═════ Dataset excerpts ═════

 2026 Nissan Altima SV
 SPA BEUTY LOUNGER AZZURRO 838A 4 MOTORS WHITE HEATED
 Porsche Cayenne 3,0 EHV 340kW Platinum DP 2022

═════
═════ Dataset excerpts ═════

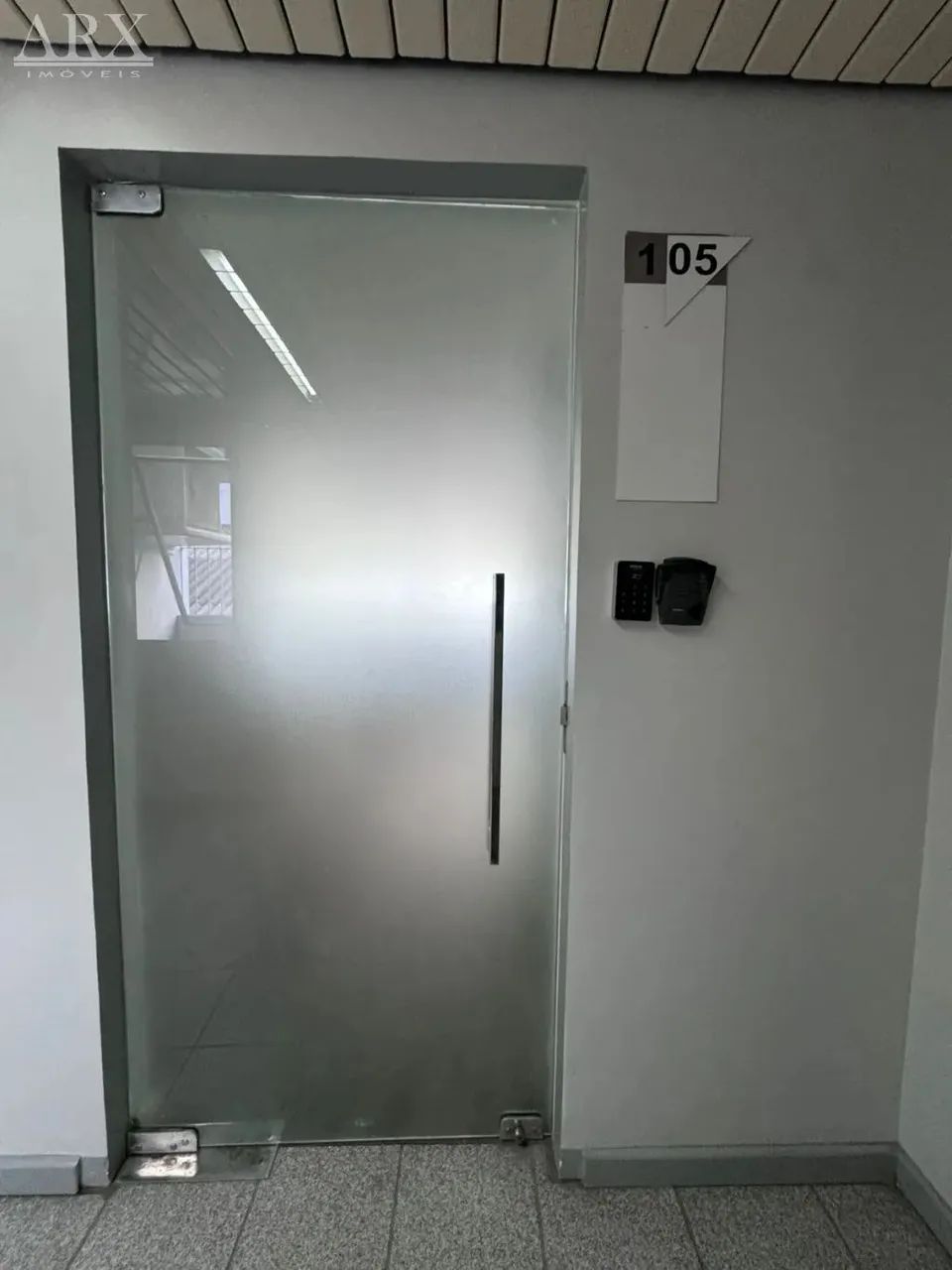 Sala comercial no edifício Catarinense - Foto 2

═════

> _Task brief_:
When you reach the line in the material above that holds "SPA BEUTY LOUNGER", begin reproducing lines exactly, and stop after the line that holds "Porsche Cayenne 3,0".

> _Result for this task_:
 SPA BEUTY LOUNGER AZZURRO 838A 4 MOTORS WHITE HEATED
 Porsche Cayenne 3,0 EHV 340kW Platinum DP 2022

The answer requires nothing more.